Durant les années pénibles en prison, nous songions à Marcelle et échangions des pensées réconfortantes à distance. Nos liens se sont tramés et particulièrement consolidés pendant notre incarcération. Nous savions combien la situation d’une jeune fille isolée et entourée d’ennemis était éprouvante. Nous déployions des efforts pour garder contact. Marcelle trouvait des moyens originaux pour nous conyacter – une fois elle boucha l’égout pour faire venir un plombier à l’aide duquel elle nous fit parvenir une lettre. Elle nous tricota aussi des pulls, des écharpes et des chaussettes que je conserve jusqu’à ce jour. Je lui envoyais des cartes avec des dessins et des décalcomanies à chaque anniversaire. Il n’était pas facile d’obtenir ces objets en prison, mais cela nous encourageait et nous aidait à tenir le coup. Marcelle était la seule femme dans notre réseau. Je vous ai laissé entendre combien sa situation était ardue et on ne peut qu’imaginer ce qu’elle a pu endurer. Chacun reconnut en elle une femme imposante et courageuse, de caractère déterminé, une femme sensible et douce, qui portait toujours la tête haute. Quand on nous libéra, on demanda à Marcelle quel était son premier souhait – prendre un bain mousseux a-t-elle répondu. A la même question, moi j’ai demandé à boire dans un gobelet en verre.
Je ne m’étendrai pas ici sur l’échec de ‘l’Affaire’, ni sur la question de qui donna les ordres ou sur la prise en charge trop tardive de notre libération. Marcelle a décidé de reconstruire et de poursuivre sa vie. Elle a épousé Eli et donné un sens nouveau à son existence. C’était une femme cultivée à l’esprit ouvert, qui aimait l’art et les livres, mais sa blessure profonde ne s’est jamais complètement cicatrisée.
Un destin commun nous a gardé unis par des liens exceptionnels qui se sont raffermis d’année en année et que nul autre ne pourrait réellement comprendre.
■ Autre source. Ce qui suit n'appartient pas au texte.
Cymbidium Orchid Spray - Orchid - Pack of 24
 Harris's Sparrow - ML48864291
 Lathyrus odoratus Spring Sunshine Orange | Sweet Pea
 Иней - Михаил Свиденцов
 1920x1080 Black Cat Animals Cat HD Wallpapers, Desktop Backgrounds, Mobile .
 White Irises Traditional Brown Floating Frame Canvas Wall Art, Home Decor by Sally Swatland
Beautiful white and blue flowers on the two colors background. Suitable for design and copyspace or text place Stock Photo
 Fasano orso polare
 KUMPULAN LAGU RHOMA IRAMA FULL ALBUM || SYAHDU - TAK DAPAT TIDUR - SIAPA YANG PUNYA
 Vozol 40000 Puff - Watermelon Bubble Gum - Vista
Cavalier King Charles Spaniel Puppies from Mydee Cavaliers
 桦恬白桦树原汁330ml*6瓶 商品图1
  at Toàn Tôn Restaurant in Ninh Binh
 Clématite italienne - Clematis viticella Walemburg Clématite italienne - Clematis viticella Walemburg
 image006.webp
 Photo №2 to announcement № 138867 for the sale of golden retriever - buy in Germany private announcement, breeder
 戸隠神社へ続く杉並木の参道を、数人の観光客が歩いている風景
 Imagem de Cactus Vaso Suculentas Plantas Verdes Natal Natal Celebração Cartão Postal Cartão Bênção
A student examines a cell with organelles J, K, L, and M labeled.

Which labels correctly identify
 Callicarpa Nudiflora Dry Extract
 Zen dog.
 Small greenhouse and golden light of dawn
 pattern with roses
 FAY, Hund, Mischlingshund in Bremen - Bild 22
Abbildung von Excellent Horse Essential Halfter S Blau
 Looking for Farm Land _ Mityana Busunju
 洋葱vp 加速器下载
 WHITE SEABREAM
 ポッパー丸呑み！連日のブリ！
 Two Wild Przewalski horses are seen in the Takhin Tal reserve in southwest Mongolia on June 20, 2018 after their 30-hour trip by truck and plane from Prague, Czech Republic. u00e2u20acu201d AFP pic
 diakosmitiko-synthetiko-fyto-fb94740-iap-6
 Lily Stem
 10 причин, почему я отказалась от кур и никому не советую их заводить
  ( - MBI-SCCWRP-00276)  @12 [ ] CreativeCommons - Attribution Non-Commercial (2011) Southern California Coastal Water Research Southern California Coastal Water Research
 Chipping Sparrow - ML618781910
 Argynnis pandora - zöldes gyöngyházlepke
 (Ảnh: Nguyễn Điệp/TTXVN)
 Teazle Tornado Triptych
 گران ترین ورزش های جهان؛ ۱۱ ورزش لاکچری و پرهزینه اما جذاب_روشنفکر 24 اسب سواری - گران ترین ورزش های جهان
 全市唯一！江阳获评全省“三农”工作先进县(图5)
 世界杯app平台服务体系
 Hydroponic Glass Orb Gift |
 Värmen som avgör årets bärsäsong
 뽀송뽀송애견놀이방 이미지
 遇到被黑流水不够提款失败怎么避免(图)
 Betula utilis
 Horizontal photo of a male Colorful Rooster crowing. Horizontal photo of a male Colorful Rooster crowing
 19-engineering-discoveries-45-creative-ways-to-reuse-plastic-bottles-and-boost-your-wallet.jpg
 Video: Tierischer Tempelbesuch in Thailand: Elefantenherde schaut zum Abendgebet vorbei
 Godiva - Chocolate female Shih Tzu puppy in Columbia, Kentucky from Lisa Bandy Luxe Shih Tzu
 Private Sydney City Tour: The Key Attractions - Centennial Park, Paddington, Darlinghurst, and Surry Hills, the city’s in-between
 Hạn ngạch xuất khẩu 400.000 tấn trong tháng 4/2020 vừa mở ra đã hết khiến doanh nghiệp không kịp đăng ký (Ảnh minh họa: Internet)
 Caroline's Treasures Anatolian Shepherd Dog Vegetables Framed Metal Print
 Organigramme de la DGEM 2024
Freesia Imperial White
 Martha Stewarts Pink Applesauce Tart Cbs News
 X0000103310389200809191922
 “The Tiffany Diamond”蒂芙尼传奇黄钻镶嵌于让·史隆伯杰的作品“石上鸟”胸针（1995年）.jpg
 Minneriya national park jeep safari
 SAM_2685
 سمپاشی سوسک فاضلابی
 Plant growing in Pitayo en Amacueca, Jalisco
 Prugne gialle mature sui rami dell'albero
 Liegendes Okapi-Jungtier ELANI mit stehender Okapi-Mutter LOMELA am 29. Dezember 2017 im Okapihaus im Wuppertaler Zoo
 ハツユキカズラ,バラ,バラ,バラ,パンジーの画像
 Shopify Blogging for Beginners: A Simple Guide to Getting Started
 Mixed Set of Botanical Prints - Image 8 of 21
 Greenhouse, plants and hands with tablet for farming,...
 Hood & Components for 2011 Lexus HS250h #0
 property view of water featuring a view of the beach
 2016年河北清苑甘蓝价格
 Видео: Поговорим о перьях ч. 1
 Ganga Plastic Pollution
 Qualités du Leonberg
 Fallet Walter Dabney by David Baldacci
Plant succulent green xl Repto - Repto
Elle était une part indivisible de ma personne, elle était pour moi une sœur et tante Lili pour mes enfants. Et si certains pensent que Marcelle n’avait pas de faiblesses, ils ne connaissaient pas son amour pour la ‘mélouhiya’ (plat égyptien typique) que nous avions l’habitude de manger ensemble. Elle était une partie de moi-même, après Victor et Philippe, mes enfants.
J’ai une prière à adresser, au nom de Marcelle et du mien également, peut-être une sorte de testament – Je demande que quelqu’un se charge de ce projet et que l’Etat veille à ce que notre histoire soit enseignée officiellement, tout particulièrement aux jeunes générations. Qu’elle ne tombe jamais dans l’oubli. Je pense que cela ferait plaisir à Marcelle.
Repose en paix Marcelle, tu nous manqueras énormément. Nous t’aimons beaucoup.